I also found it to be as quick and responsive all through my testing, even while it was updating several apps at once or switching between Netflix and a moderately graphics-intensive game like Riptide Renegade. If you’re using this for browsing Reddit, light gaming and watching videos, you’ll find the octa-core Snapdragon 625 processor more than up to the task.
The main camera does a pretty good job in well lit spaces, focusing quickly and capturing plenty of color and detail without a fuss – although it does tend to blow out highlights rather easily. It’s a fair bit slower in low-light conditions and the results are noisy, but overall, the shooter is significantly better than the Note 3’s camera.

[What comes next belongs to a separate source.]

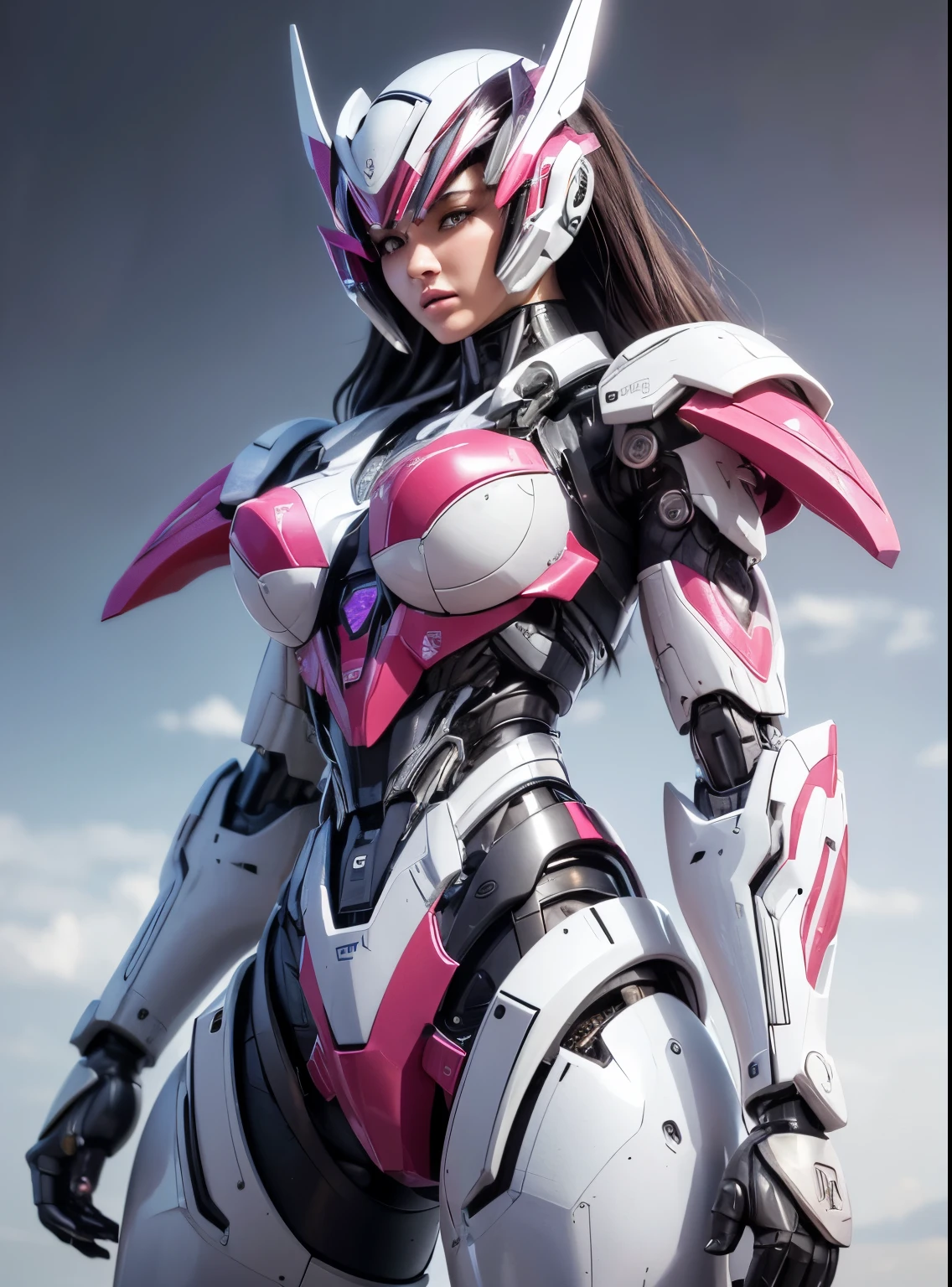 Textured skin, Super Detail, high details, High quality, Best Quality, hight resolution, 1080p, hard disk, Beautiful,(Arcee),beautiful cyborg woman,Mecha Cyborg Girl,Battle Mode,Girl with a Mecha Body,She wears a futuristic Transformers mech,Female Warrior,fully body photo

Should you buy the Redmi Note 4?
Compared to the similarly priced Lenovo Phab 2 and the more expensive Samsung Galaxy On Nxt, as well as the Moto M, the Note 4 offers a competitive hardware package with arguably better styling.
What really makes this a good pick is the outstanding battery life. I’m used to getting a full day with my trusty old Mi 5, but knowing that my Note 4 won’t suddenly die on me felt truly liberating during my test.
The only bummer is that the Redmi Note 4 is available exclusively through flash sales on Flipkart and the Mi.com online store in India, so you’ll have to mark your calendar for the next one before you can get your hands on it.
If you’re in the market for a dependable, good looking handset that won’t break the bank, you should definitely consider the Redmi Note 4. If you can afford it, I’d recommend opting for the 4GB / 64GB variant, as the bump in performance is certainly worth the extra dough.